“Be what you would seem to be”— or if you’d like it put more simply —“Never imagine yourself not to be otherwise than what it might appear to others that what you were or might have been was not otherwise than what you had been would have appeared to them to be otherwise.”’
It has occurred to me, and I feel firm in this, that Lewis Carroll meant this as a mock paraphrase of Proposition 6 of Book II of Euclid’s Elements:
If a straight line is bisected and a straight line is added to it in a straight line, then the rectangle contained by the whole with the added straight line and the added straight line together with the square on the half equals the square on the straight line made up of the half and the added straight line.
I forget the exact occasion, but it was as I was perusing Euclid that I was struck by the similarity of construction. The phrase, “straight line” , corresponds roughly to “otherwise” and “others” in the Duchess’ moral, and both expressions suggest a lilting meter. ( … and I hope I don’t have to remind anyone of Charles Dodgson’s mathematical vocation ! )
Furthermore, the syntax is similarly baffling, Euclid can actually be parsed, but not so the Duchess. Her moral contains three long phrases, each coherent on its own but with overlapping connections that make the whole thing incoherent:
Never imagine yourself not to be otherwise than what it might appear
to others …
it might appear to others that what you were or might have been was not otherwise than what you had been …
what you had been would have appeared to them to be otherwise.
However, note that Prop. 6 does contain a “garden path” , as described by Stephen Pinker in THE LANGUAGE INSTINCT.
This is the phrase, “the rectangle contained by the whole with the added straight line …” which one is inclined to take as a complete description of a rectangle. However, the following phrase, “… and the added straight line together with the square on the half … “ is rendered nonsensical if one goes down this path, because a line cannot be taken together with a square. Of course, (ahem) the phrase, “with the added straight line” refers to the base of the rectangle while, “and the added straight line” specifies the height.
To me, it all adds up, especially considering the preamble. “Be what you would seem to be” would stand for the algebraic expression:
(a+b)2 = a2 + 2 a b + b2 … OR … a ( a + 2 b ) + b2
… as per the theorem. ( Note the “bee” and “two bee” in the moral. )
Also, “If you’d like to put it more simply”, alludes to the historically primitive character of geometry vis a vis algebra, which is somewhat more abstract. So Euclid’s book II may be construed as simpler than modern algebraic notation, being put in more primitive, or “simpler” terms.
Well, Heath was 40 years after ALICE, but I think that the english version of basic Euclid was probably already a matter of tradition by this point, although I really couldn’t say, of course.
NOTE ADDED IN PUBLICATION
All the above I’ve been carrying around for some years, but in anticipation of writing this up, I was spurred to check the original greek of Proposition 6:
… so feast your eyes! heh heh. Well, I spent some time on it but I don’t want to belabor the issue. You can note “tetragono” ( square ) and “gramme” ( line ) and “orthogonion” (!) orthogonal.

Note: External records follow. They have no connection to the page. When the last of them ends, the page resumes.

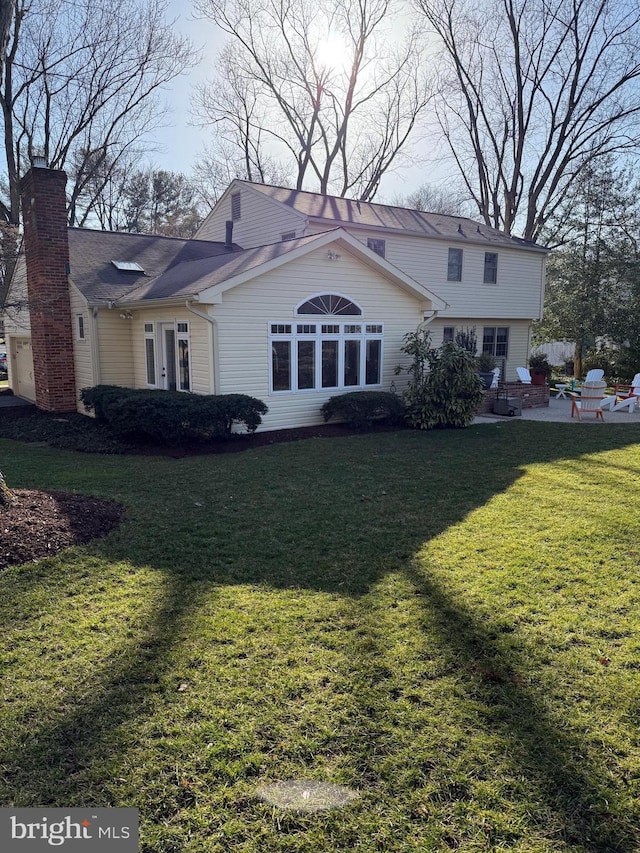 view of front of home with a patio, a chimney, and a front lawn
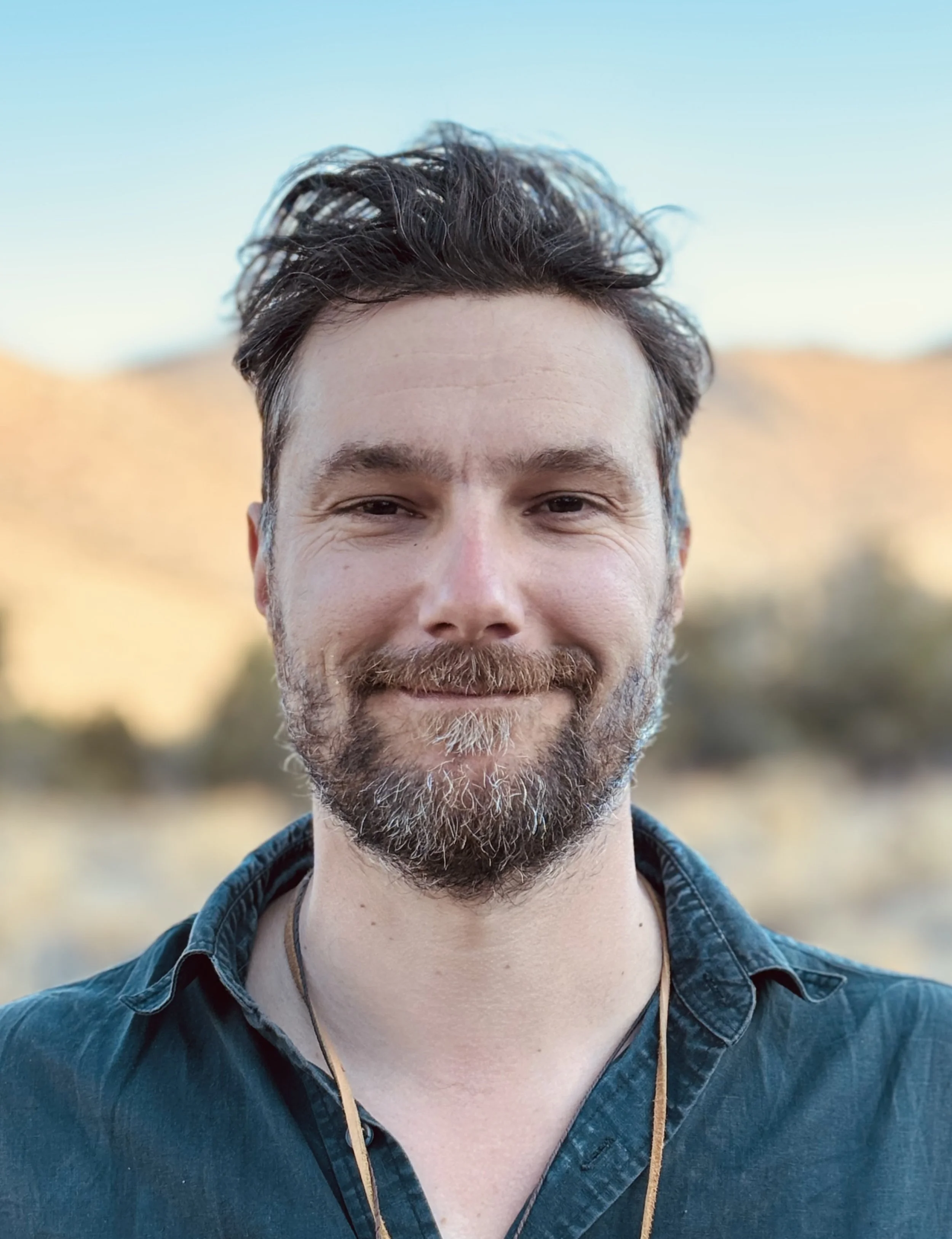 A man with short dark hair, a beard, and mustache smiling outdoors during daytime, wearing a dark green shirt and a necklace, with a blurred natural landscape in the background.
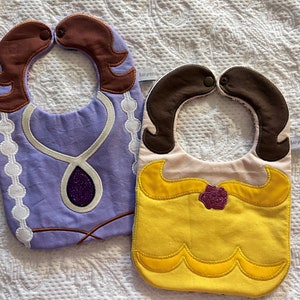 May include: Two baby bibs with princess themes. One bib is purple with a white necklace and a large purple gem. The other bib is yellow with a brown rose and a yellow dress. Both bibs have brown hair.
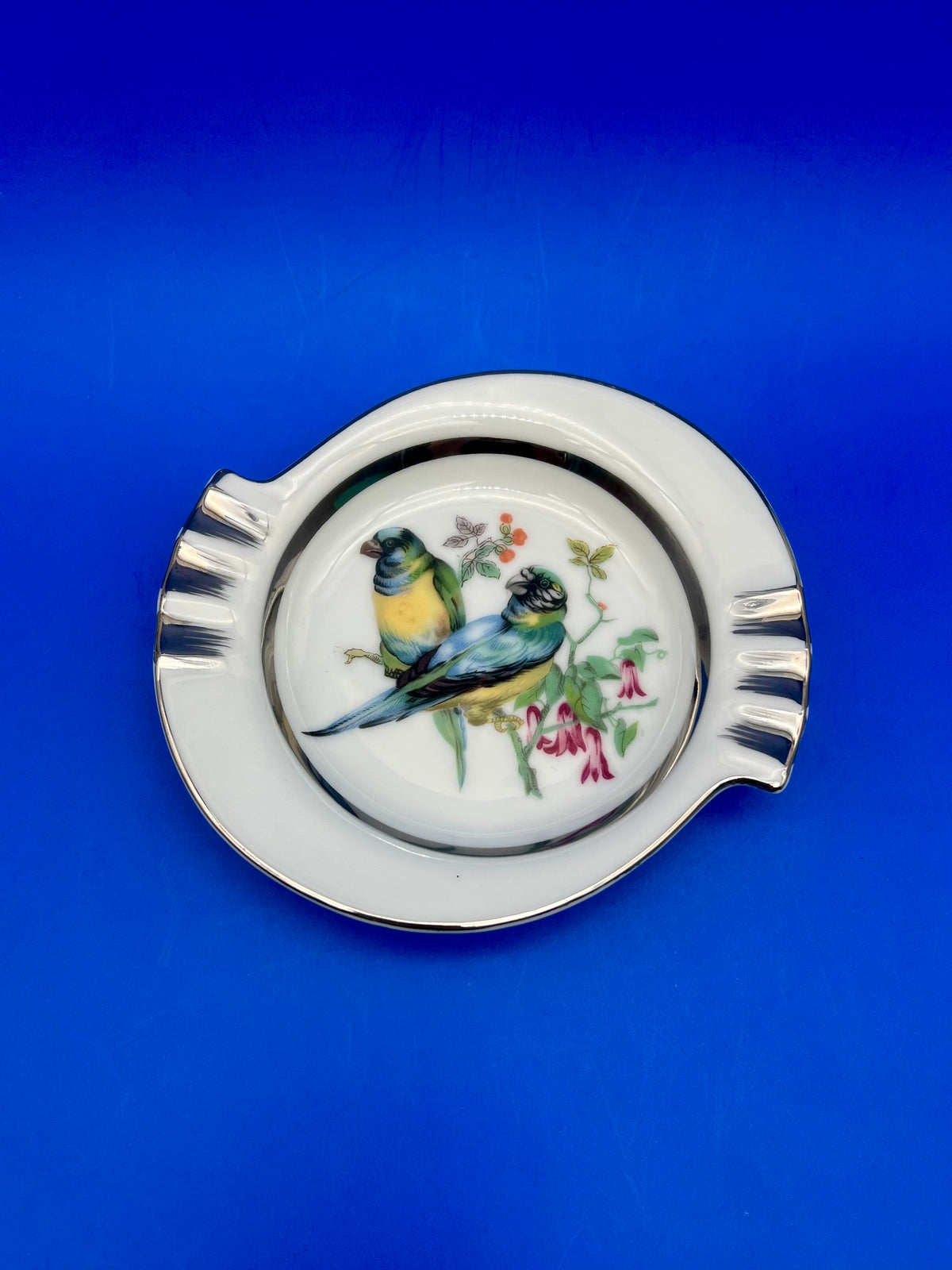 Round white ceramic ashtray featuring a painted bird design on a blue background
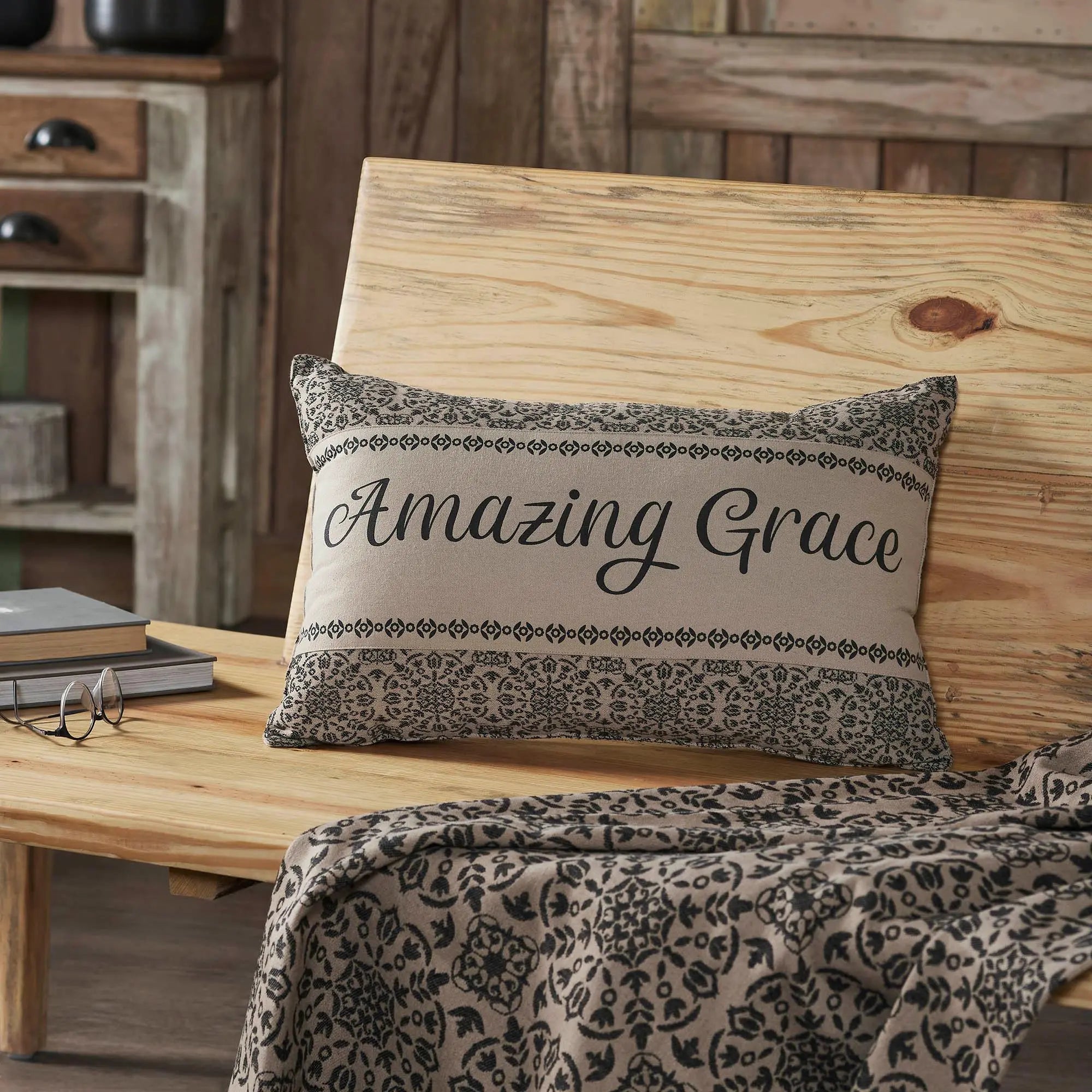 Amazing Grace throw pillow with floral pattern, cozy farmhouse decor on wooden chair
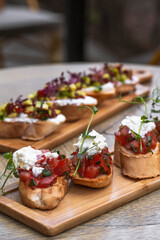 Bruschetta with tomatoes, feta cheese and herbs on wooden board . mozzarella and arugula. Canape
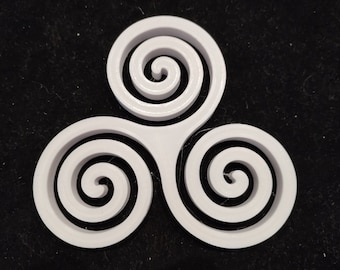 May include: White plastic three-dimensional triquetra symbol with three interlocking spirals.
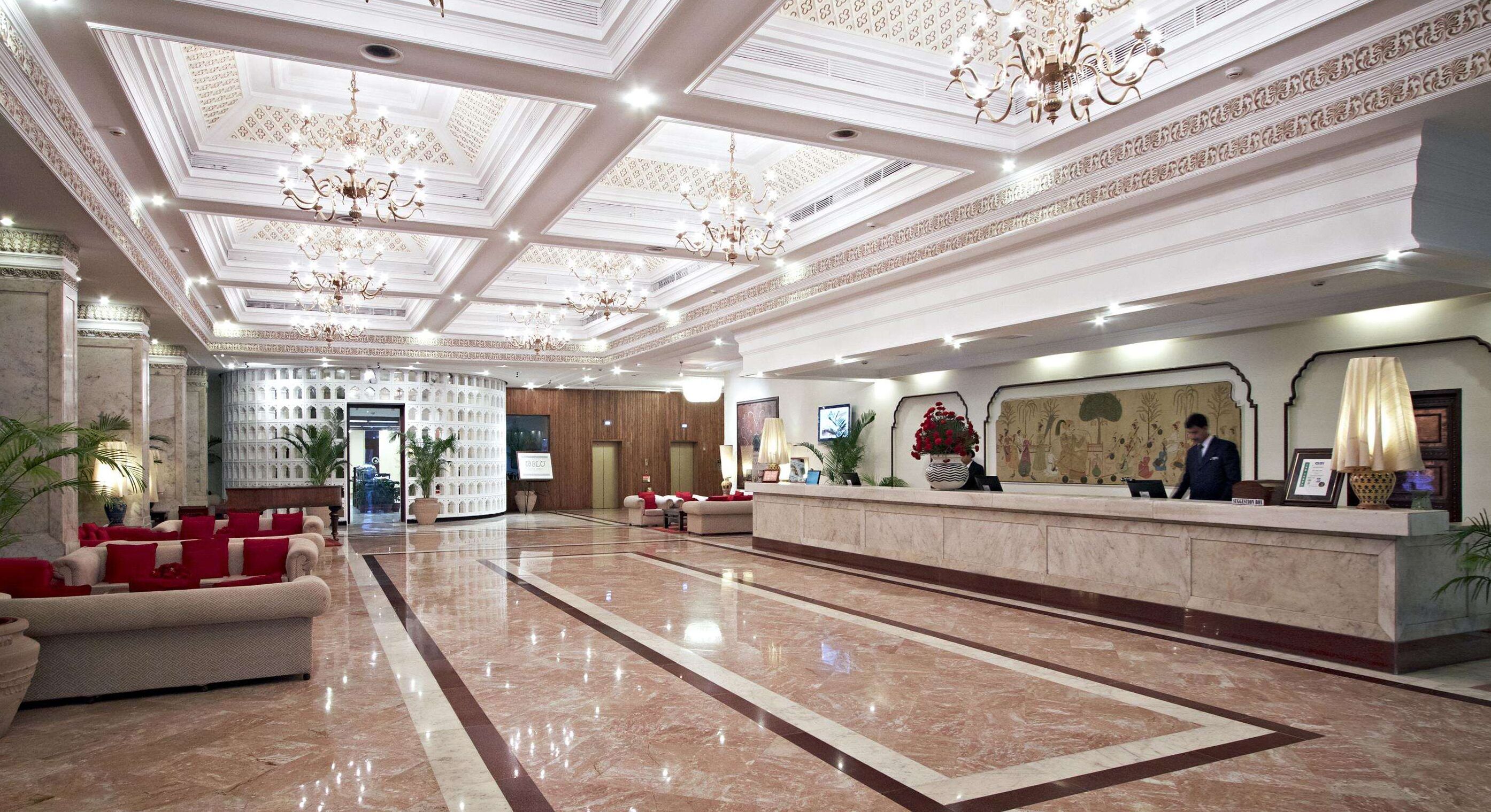 Un hall espacioso con piso de mármol, una recepción y un candelabro.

The thing I want to say about it is that the “garden path” does not exist in the greek, and the syntax seems to be a little more technical. “apo” means the base of a square, so it announces the specification of such, which is terminated by “tetragono” so that’s it, with no ambiguity.
The “garden path” clause specifies the base and height of a rectangle delineated by TO [ base spec. ] KAI [ height spec. ]
The base spec. is “upo tes holos syn te proskeimene” ( base of the whole with the extension ) and the height spec is “proskeimenes periexomenon orthogonion” ( encompassing orthogonal extension ? ) then comes “meta” = “together with” … ( the square on the half ) so there seems to be a more elaborate system of “terms of art” in play.